I mean, for crying out loud, have these people been living under a fucking rock for the past five years? We saw the confirmation of what was called an insane conspiracy theory just a few months prior to Snowden: the US government is actually spying, not only on its own citizens, but on citizens all over the globe. Under these circumstances, I cannot understand how anyone in their right mind could still be in favor of a law that has the ability to annul many privacy regulations. I can however understand that the President did not want to face the huge adverse public reaction that would have followed an implementation of CISPA – especially in light of his promise to veto – and so decided to quietly create an Executive Order that has the same Orwellian effect on any internet-based communication. All the information, or at least most of it will be sent to huge organizations dedicated to gathering, analyzing, and storing that data, for an essentially unknown end, only vaguely defined as “to combat cyber threats”. Just think about it. Facebook and such are now already quite liberal with their users’ data, but imagine how fucking out of hand things would get if they were actually bound by law to share information that they believe might have something to do with “cyber-terrorism” . Well, I don’t know why I’m still using the conditional form… The Executive Order is through… I think I just don’t want to accept that very grim fate quite yet.
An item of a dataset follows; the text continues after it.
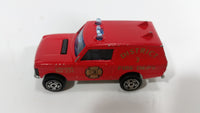 1980s Majorette Range Rover Fire Dept. District 3 Red No. 246 1/60 Scale Die Cast Toy Car Emergency Vehicle w/ Hitch - Treasure Valley Antiques & Collectibles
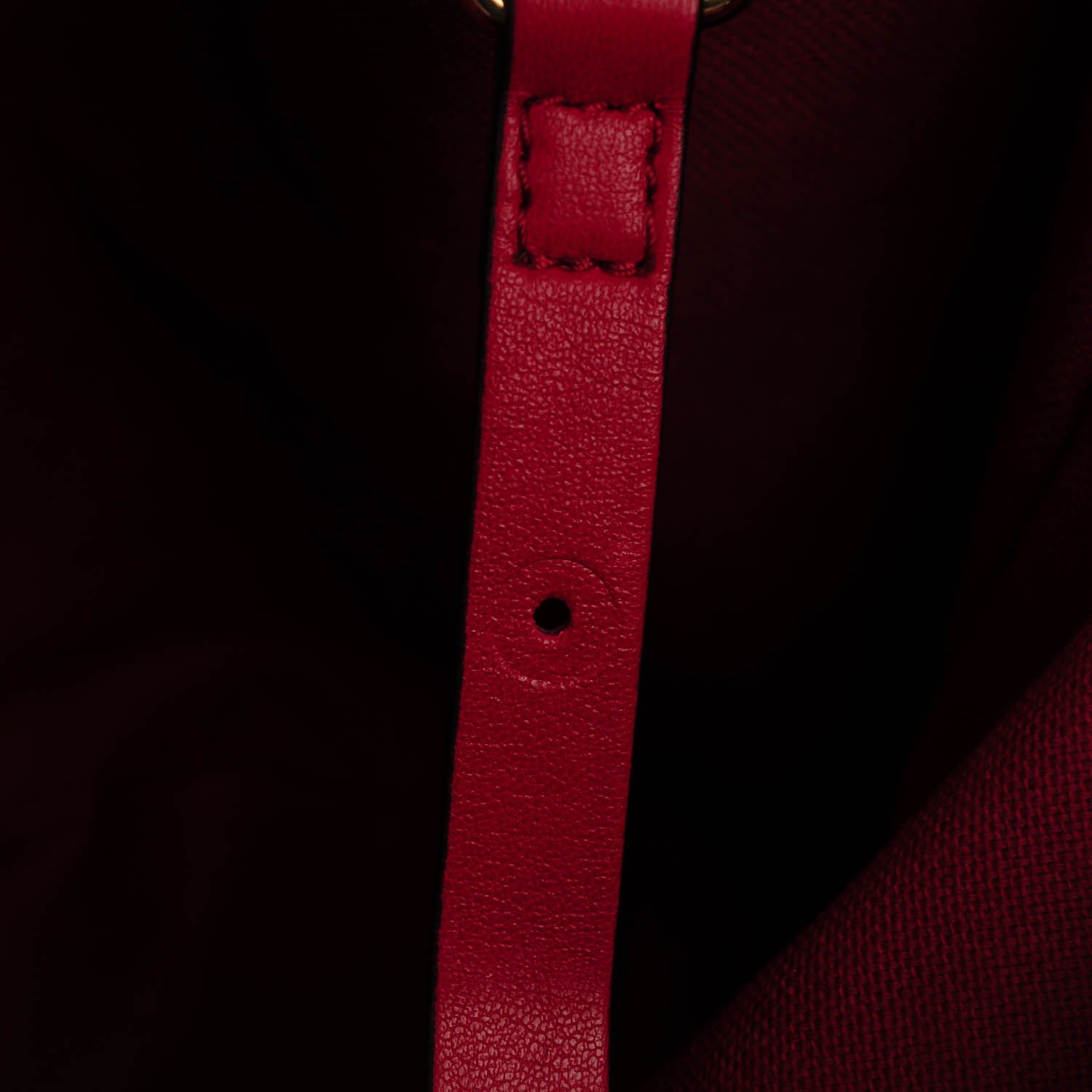 Burberry Haymarket Check Small Canterbury Tote Military Red 2 of 11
Ha. My melodramatic inclination is shining through once again here. But I’m really worried. If we’ve gotten to a point where the President uses an Executive Order to bypass the people’s anguished outcry against a proposed law, then we’ve reached a truly angst-inducing Orwellian point in the development of our world’s politics. And I fear that this Executive Order will later be used a foundation for CISPA legislation to be built upon. I can already hear the usual idiots saying, “Well, we’ve already got a law that makes corporations share everything with ISAOs and the government anyway, so why not pass CISPA? And if we’re already at it, let’s get SOPA and ACTA through as well, we ain’t got nothing to lose anymore anyhow…” I hate this apathetic, well-now-it’s-too-late-anyway kind of thinking used by brainless degenerates of the worst kind to justify their mindless perpetuation of the status quo.
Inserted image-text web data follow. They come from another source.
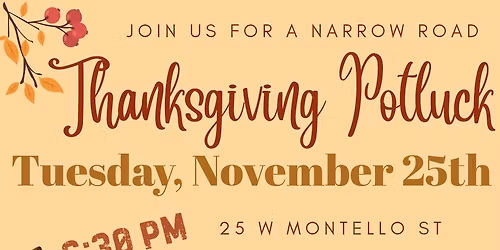 Thanksgiving Potluck Fellowship 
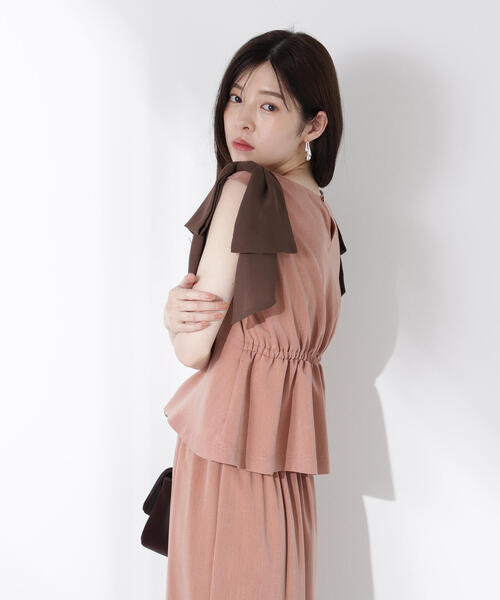 PROPORTION BODY DRESSING（プロポーションボディドレッシング）の「リボン付きマーメイドセットアップ / 1215240603（ワンピース・レディース・ネイビー/ブルー/ピンク・MEDIUM/SMALL/P/S）」の12枚目の写真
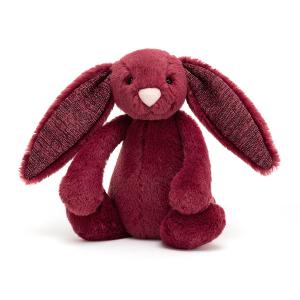 Bashful Sparkly Cassis Bunny Small - l = 9 cm x H =18 cm - Jellycat - BASS6SCAS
This is once again proof that, although we have seen many developments towards an emancipation of the people, there are still ample movements dedicated to the emaciation of society. It is also proof that we need to push on, that we’re still very far from being free, still very far from finally escaping the constant Big Brotheresque surveillance that the government is practicing lately. In the eyes of the government there are only vague definitions separating your average sap from a highly dangerous cyber-criminal needing to be monitored, and that’s why it is so easy to use these anti-cyber-terrorism laws to find out who doesn’t think the way he or she ought to and then lock him or her up on some bogus charges. And please don’t be so naïve as to think that’s entirely crazy. They’re trying to nail Snowden as a result of him trying to protect the very foundation of America’s original ideology after all.
Even if the ultimate goal of such legislation is not to spy on and eventually do away with dissidents, ask yourself this simple question: Do you want all the corporations you have ever had anything to do with pass all your information to some huge data gathering and analysis organization that in turn passes that data onto the government?